Dataset content:
=====
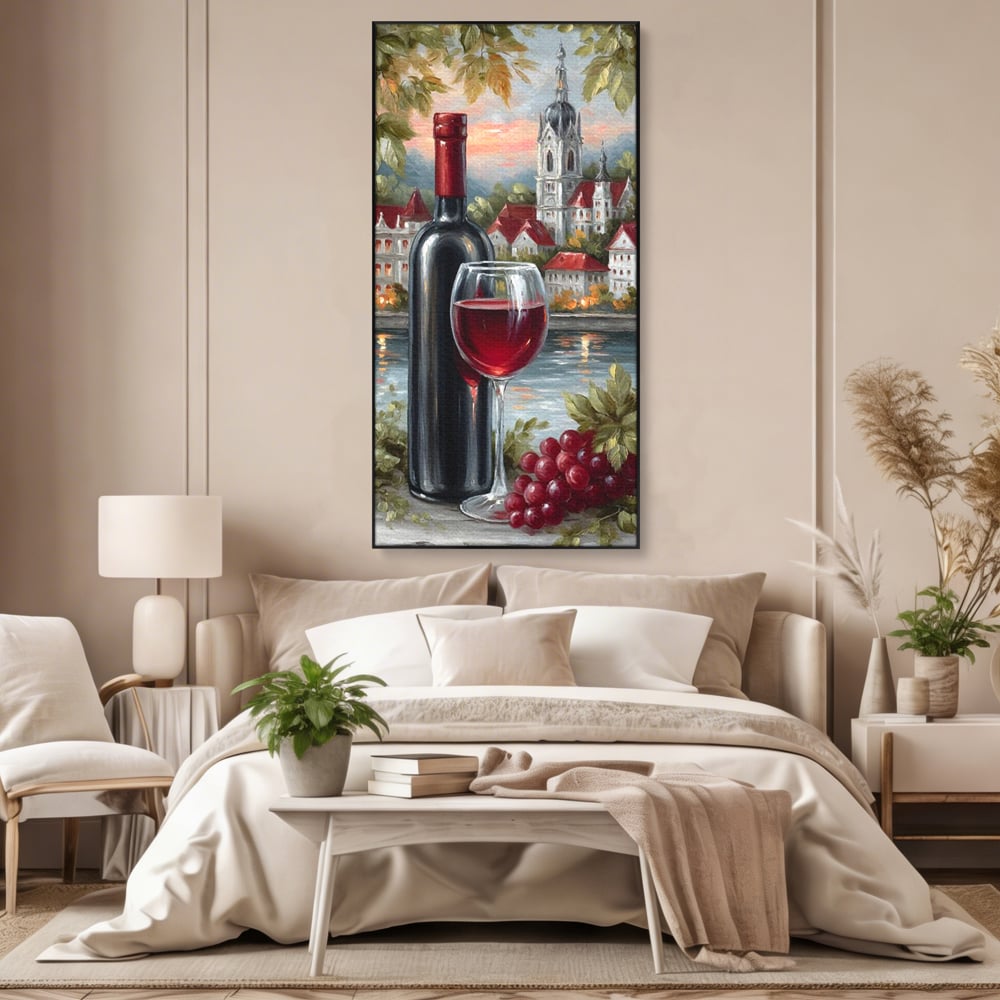 Tablou canvas cu pictura cu sticla de vin si oras, in rama de aluminiu negru, pe perete intr-un dormitor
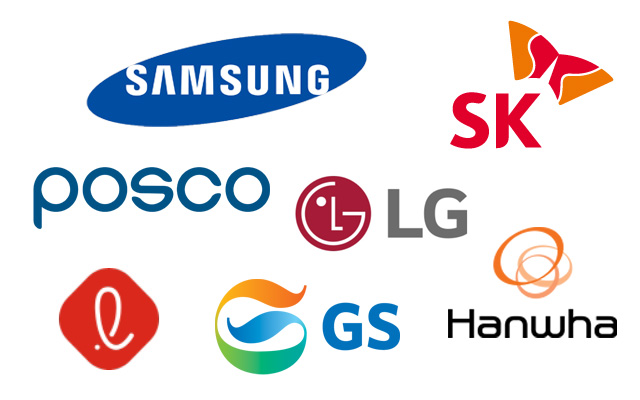 삼성, SK, LG, 롯데, 포스코, 한화, GS 등 다수의 국내 그룹들은 통일된 로고를 이용하고 있다. /각 사 제공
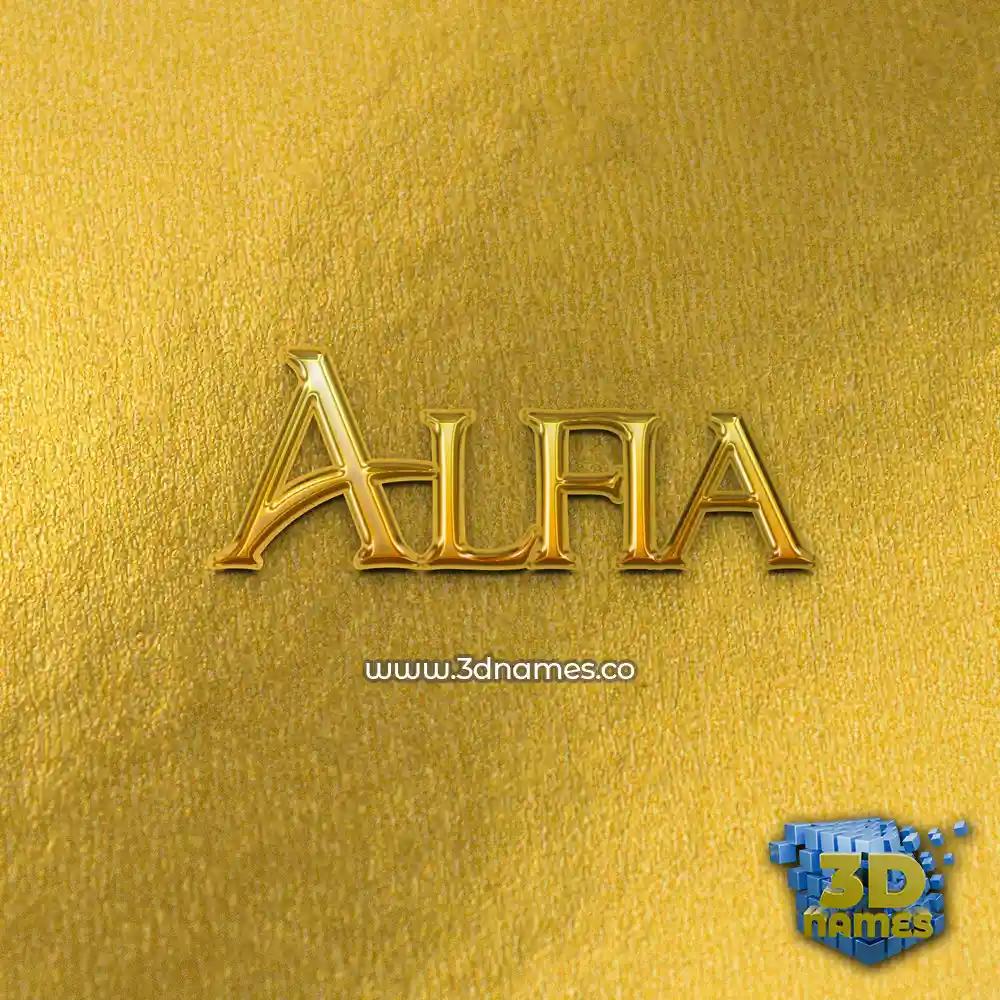 alfia in All Gold style - 3D name wallpaper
=====
What is being asked: Restate word for word the lines above that start at the line containing "삼성, SK, LG, 롯데, 포스코, 한화, GS" and run to the end of the listing; exclude the pictures.

Task output:
 삼성, SK, LG, 롯데, 포스코, 한화, GS 등 다수의 국내 그룹들은 통일된 로고를 이용하고 있다. /각 사 제공
 alfia in All Gold style - 3D name wallpaper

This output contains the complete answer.